WHAT TO DO: Go through the records and filter out every line lacking the word "Diamond"; copy the lines that remain.

Dataset entries

========================

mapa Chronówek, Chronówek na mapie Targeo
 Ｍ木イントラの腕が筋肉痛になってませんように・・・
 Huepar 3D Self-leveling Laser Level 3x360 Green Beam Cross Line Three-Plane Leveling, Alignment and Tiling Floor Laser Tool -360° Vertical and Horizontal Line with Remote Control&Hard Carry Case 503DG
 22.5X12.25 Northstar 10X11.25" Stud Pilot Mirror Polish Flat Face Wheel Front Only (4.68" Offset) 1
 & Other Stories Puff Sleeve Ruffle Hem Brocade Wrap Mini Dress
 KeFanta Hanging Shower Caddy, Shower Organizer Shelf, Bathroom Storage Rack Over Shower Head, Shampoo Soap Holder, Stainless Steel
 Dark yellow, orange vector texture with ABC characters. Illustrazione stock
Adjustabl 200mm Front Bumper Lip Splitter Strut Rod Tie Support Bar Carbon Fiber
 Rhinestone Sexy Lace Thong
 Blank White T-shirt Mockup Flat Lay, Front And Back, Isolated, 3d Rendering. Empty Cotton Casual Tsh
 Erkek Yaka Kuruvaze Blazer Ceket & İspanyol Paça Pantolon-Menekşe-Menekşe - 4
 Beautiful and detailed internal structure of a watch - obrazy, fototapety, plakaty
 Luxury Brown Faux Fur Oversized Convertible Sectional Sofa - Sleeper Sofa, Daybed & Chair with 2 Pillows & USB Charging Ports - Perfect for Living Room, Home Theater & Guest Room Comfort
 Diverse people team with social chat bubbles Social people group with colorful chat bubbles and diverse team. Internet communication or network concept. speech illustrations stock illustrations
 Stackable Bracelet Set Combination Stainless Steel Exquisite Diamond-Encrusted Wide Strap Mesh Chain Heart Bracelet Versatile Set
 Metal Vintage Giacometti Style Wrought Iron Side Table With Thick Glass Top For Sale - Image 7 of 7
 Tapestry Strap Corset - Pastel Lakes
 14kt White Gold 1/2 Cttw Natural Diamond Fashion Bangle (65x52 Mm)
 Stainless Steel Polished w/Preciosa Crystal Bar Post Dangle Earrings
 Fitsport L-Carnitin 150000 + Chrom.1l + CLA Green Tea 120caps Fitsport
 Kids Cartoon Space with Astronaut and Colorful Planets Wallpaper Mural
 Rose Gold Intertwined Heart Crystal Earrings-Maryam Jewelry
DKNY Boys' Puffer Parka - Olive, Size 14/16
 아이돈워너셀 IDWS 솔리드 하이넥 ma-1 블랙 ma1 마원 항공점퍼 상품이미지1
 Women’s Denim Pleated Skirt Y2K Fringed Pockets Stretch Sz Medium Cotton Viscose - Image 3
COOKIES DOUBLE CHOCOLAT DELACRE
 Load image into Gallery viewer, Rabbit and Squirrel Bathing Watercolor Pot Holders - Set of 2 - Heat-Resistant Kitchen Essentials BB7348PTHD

========================

YOUR RESPONSE:
 Stackable Bracelet Set Combination Stainless Steel Exquisite Diamond-Encrusted Wide Strap Mesh Chain Heart Bracelet Versatile Set
 14kt White Gold 1/2 Cttw Natural Diamond Fashion Bangle (65x52 Mm)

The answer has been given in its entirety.